If you haven’t heard, the CEO of Twitter is selling the first ever published tweet. The price someone is willing to pay? $2.5 million. That’s seven figures of cash, all for a message that reads: “just setting up my twttr”.
The reason people might be willing to pay that much money is because the tweet is getting sold as a non-fungible token (“NFT”). The BBC explains that NFTs are “unique digital tokens.” They’re created using blockchain, the same system more famously used with cryptocurrency. By using blockchain and certificates of ownership (as well as some other stuff explained in the linked articles), sellers are able to tag certain digital files as being unique.
Hence the label, “non-fungible.” Fungibility, in an economic sense, is how interchangeable something is. I can buy a postcard with a picture of the Mona Lisa on it. It doesn’t matter which postcard I use, because they’re all sold at the same price. Compare this to the actual Mona Lisa, which I’m told is worth more money than the image on the postcard. Yes, the postcard will look like the painting, but there’s only one painting.
This raises some interesting issues.
The BBC and Creativebloq articles raise the issue of environmental damage that creating these tokens causes. Blockchain isn’t easy to make – part of the reason why a purchaser can be sure forgeries and duplicates can’t exist. Ethereum, the company that forges the digital blockchain for NFTs, uses an amount of energy comparable to the countries of Libya or Ireland.
But carbon footprint isn’t the only controversy here. YouTuber Jim Sterling points out in a recent video that NFTs are, for all intents and purposes, worthless. This is because the token is a digital copy and not the actual rights to artwork. So, the difference between an NFT of the Mona Lisa and the Mona Lisa is that rights to the latter transfer when the painting is sold. For the NFT, there’s no rights to the underlying artwork.

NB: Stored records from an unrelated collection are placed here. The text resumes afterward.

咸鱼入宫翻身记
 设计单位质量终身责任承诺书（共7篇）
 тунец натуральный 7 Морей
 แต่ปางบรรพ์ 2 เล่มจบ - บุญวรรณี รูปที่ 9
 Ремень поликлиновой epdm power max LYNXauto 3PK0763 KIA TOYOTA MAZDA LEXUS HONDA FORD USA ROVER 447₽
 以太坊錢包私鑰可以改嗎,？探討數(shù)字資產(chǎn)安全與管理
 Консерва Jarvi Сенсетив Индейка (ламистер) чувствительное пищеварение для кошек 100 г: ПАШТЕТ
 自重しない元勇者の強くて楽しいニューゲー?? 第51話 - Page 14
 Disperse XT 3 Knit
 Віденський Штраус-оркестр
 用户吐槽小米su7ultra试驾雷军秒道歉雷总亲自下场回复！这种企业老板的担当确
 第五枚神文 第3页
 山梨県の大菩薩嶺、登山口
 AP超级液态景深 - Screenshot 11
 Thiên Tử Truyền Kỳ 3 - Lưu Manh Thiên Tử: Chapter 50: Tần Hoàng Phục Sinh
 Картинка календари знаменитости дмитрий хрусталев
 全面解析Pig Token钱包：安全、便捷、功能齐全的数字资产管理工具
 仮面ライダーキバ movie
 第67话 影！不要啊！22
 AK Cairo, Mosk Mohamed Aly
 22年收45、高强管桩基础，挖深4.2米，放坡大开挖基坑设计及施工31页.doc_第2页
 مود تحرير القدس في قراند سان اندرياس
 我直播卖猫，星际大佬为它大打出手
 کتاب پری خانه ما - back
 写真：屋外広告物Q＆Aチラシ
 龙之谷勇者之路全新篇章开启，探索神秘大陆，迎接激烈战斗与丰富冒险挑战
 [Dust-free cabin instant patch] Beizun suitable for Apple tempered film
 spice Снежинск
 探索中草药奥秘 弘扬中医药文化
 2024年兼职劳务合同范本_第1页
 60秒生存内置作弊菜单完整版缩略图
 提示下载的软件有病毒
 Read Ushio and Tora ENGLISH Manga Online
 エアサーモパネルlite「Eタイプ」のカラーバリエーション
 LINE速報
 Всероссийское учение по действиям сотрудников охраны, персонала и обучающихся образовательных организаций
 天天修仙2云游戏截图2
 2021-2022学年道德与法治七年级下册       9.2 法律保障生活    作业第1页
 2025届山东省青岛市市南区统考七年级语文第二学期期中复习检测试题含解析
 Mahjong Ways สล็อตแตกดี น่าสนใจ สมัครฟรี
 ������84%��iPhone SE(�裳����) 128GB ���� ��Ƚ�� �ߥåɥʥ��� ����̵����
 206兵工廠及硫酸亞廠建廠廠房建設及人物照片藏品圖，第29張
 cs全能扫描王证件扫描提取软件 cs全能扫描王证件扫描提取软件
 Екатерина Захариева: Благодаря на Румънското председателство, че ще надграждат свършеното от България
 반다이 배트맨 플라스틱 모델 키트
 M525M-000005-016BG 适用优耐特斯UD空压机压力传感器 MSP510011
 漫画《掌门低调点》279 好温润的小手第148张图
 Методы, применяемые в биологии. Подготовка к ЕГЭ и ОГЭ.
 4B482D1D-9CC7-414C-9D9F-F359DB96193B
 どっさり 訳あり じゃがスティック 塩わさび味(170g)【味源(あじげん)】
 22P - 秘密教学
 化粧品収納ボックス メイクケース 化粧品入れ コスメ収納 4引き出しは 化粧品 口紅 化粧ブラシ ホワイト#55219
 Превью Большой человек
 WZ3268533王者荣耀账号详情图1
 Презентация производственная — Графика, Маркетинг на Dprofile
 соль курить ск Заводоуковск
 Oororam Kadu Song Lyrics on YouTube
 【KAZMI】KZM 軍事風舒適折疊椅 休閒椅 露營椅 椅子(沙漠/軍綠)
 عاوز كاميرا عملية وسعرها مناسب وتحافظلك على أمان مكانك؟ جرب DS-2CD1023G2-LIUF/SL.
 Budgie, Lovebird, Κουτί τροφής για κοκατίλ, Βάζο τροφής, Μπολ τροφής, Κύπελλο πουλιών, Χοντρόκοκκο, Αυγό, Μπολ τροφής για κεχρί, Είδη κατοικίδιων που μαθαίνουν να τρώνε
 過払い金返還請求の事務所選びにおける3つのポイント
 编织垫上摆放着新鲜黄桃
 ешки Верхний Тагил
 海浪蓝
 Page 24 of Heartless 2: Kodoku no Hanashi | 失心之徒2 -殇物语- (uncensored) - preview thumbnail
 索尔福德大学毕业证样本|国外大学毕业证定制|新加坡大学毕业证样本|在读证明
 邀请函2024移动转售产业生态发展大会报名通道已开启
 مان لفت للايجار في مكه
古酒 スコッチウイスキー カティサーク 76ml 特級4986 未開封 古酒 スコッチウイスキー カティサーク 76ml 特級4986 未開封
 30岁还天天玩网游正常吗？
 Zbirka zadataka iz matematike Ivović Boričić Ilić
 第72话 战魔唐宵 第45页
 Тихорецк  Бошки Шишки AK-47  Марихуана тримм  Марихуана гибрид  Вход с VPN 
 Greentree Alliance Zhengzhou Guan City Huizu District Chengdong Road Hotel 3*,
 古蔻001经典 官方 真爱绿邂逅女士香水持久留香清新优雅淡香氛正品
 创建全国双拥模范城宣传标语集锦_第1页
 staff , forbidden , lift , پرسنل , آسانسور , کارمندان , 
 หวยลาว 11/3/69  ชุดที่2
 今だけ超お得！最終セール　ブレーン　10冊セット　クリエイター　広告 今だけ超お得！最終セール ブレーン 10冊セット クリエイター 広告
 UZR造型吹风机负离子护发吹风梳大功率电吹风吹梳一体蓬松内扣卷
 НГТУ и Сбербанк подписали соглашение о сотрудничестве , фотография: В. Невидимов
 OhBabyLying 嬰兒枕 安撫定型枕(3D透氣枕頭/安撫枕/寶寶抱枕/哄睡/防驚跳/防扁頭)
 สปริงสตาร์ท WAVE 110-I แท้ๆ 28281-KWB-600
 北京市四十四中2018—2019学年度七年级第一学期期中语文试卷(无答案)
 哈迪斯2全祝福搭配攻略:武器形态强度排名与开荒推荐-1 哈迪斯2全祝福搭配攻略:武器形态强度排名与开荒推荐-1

This raises intellectual property issues. Consider this artwork I created for my book:

Say I sold a license for it to Bob, who uses it in his videogame, “DURGALON: NAKED PROPHET.” The legal significance is that Bob doesn’t have rights to my sublime and evocative artwork. He’s got the ability to put it in his videogame. But Bob is a greedy piece of shit, and he wants to make more cash than the videogame earns him.
So, Bob takes the file in his videogame with my artwork on it and turns it into an NFT. He sells that NFT at auction for $80 million. Bob’s just made a ton of money, and he says he doesn’t have to give me a dime. Because he was selling part of his videogame, not the amazing artwork that took me days to draw on Microsoft Paint.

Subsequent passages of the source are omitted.